Once you’re all set up, you can actually start learning. If you don’t already know about git (or any other Version Control Software), I highly recommend you to learn it. It’s absolutely crucial to figure out how VCS is used before diving into the code.

You should also get familiar with the programming language(s) that the application is using and the parts of code that your team works with. Watching a few videos and then doing an online tutorial or two helps me get comfortable with the code. Once you’ve got a better grasp on the language, you should take a look at the structure of the code for the application. Some things to look out for are:

  • The folder structure for the project, including
    • Back-end/Server-side code
    • Front-end code and styles
    • Test code
    • API code
    • Database code
  • Which libraries/modules are used
    • These can typically be found in files that deal with dependencies such as pom.xml, package.json, Gemfile, etc)

5. Experiment

Look through the application, think of something you’d like to change, and then make the necessary code changes. Figure out how to write tests for your code and look at existing tests as reference. Try to make changes related to each area listed above if your team works in those areas.

Another thing that’s proven to be extremely helpful for me is picking up a small and easy task and go through it with another engineer who has been around for a while. At Jama, we use a technique called pair-programming to get the perfect balance between productivity and sharing domain knowledge. If you’d like to learn more about pair-programming, check out my colleague’s blog post about it.

6. Contribute!

After you’ve gotten comfortable with the code and making changes, you should be ready to start fixing small bugs and adding new features.

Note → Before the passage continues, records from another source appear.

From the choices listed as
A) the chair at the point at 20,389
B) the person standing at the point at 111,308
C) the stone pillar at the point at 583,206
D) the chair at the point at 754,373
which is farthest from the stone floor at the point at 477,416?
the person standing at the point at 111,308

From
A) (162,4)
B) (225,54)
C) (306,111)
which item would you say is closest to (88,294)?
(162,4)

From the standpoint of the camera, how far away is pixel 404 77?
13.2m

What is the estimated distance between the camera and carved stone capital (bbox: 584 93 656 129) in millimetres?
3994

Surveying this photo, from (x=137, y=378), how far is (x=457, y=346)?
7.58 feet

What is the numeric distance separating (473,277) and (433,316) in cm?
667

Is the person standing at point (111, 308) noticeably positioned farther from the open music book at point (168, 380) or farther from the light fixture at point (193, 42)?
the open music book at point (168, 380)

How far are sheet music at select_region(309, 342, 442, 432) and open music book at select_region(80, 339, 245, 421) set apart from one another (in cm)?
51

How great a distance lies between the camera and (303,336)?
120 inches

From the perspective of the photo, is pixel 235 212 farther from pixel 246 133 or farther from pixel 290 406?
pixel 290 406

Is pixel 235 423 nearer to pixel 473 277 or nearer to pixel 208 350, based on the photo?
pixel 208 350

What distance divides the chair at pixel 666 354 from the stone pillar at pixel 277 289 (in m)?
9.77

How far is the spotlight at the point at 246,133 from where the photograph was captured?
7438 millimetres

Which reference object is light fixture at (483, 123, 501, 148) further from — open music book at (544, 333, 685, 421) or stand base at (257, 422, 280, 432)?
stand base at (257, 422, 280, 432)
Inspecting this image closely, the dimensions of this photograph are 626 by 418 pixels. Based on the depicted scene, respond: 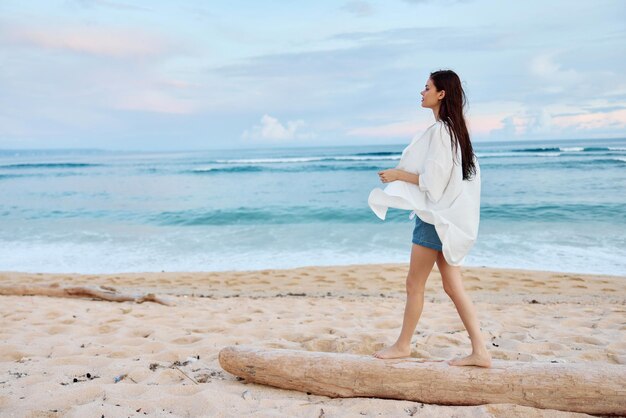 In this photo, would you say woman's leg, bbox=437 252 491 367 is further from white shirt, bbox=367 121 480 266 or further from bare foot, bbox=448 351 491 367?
white shirt, bbox=367 121 480 266

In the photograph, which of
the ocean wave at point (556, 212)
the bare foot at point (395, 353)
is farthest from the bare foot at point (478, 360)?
the ocean wave at point (556, 212)

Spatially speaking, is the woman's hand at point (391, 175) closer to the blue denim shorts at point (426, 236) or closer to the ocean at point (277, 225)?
the blue denim shorts at point (426, 236)

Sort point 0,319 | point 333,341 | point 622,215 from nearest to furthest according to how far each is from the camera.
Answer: point 333,341
point 0,319
point 622,215

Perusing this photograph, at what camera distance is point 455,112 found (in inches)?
111

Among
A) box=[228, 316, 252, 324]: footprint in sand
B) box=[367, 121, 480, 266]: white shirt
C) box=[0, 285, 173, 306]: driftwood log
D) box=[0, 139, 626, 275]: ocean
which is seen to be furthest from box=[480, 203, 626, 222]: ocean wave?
box=[367, 121, 480, 266]: white shirt

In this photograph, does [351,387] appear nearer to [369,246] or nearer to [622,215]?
[369,246]

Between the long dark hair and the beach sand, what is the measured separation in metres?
1.44

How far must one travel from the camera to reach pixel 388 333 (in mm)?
4285

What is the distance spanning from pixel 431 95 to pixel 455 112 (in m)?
0.18

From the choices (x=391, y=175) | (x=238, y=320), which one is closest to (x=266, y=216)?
(x=238, y=320)

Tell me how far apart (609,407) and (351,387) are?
1434 mm

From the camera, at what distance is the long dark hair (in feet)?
9.16

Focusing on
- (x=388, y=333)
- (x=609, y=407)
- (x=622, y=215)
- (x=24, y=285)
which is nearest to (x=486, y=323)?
(x=388, y=333)

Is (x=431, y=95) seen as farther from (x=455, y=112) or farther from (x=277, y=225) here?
(x=277, y=225) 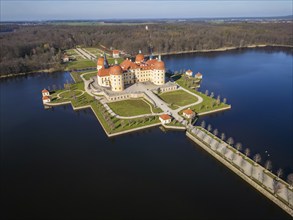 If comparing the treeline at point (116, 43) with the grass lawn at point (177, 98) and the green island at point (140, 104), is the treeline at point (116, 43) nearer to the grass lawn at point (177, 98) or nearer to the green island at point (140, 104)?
the green island at point (140, 104)

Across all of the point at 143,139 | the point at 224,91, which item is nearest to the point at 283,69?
the point at 224,91

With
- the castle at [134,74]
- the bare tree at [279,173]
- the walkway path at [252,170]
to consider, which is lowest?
the walkway path at [252,170]

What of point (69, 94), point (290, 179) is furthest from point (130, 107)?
point (290, 179)

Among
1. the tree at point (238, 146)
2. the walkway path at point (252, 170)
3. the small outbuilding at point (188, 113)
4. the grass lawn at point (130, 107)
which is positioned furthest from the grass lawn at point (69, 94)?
the tree at point (238, 146)

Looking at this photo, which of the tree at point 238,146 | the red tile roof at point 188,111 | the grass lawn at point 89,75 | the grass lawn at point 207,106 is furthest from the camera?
the grass lawn at point 89,75

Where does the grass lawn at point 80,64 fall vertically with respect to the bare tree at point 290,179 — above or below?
below

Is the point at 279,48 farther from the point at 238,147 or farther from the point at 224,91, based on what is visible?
the point at 238,147

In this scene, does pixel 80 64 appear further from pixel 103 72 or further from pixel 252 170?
pixel 252 170
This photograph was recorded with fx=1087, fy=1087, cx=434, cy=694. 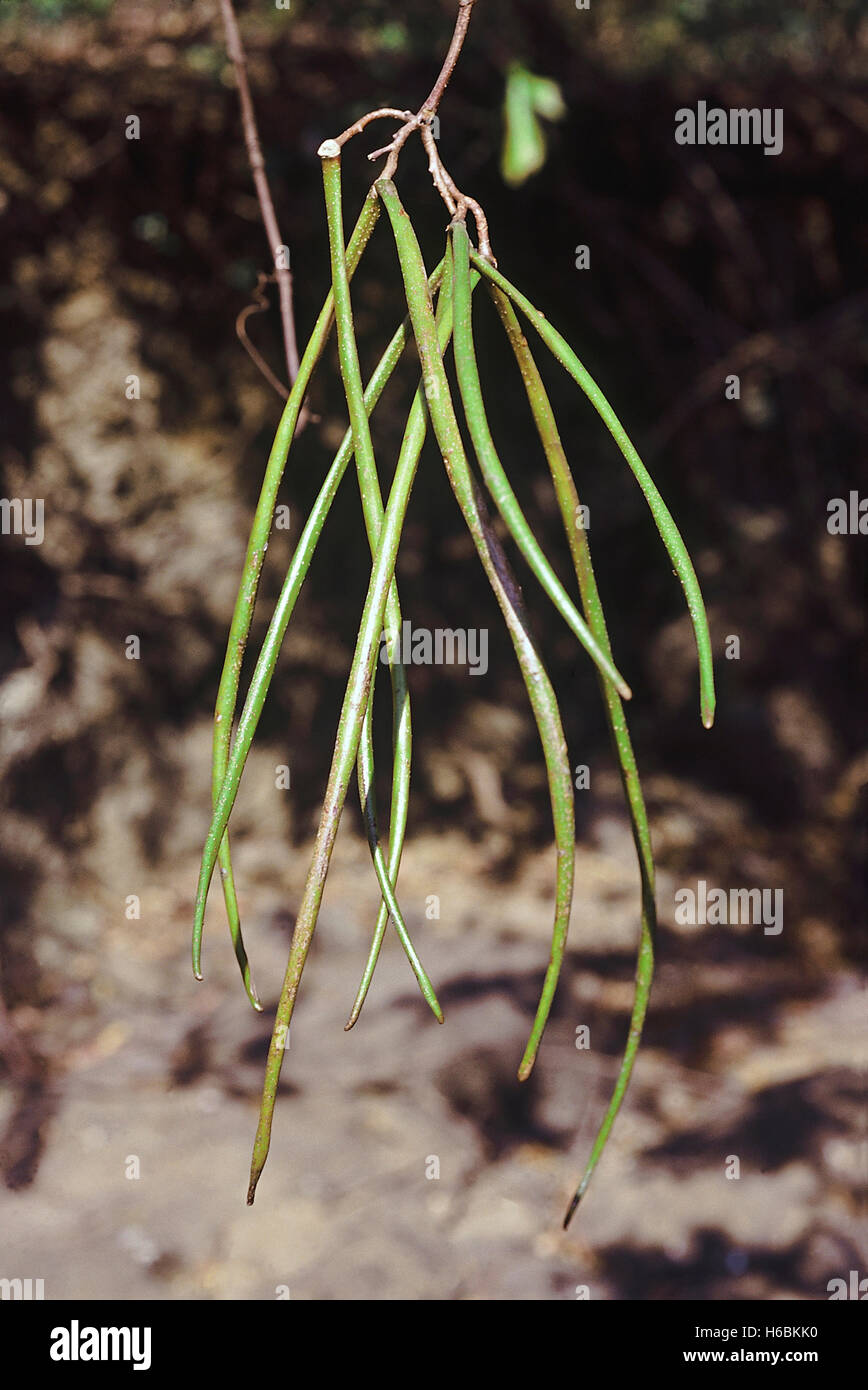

To get your features and fixes live, you’ll need to know the process for putting your code into production. This process typically involves some form of merge request to get your code into the master branch. The merge requests are a an excellent way to review your code changes and have another developer look over it to ensure that it’s high quality.

Above all, remember that the main point of an internship is to learn new things. Don’t worry about contributing a lot until you’re comfortable with making changes on your own. Don’t be afraid to make mistakes; your VCS is very forgiving and your team will be too.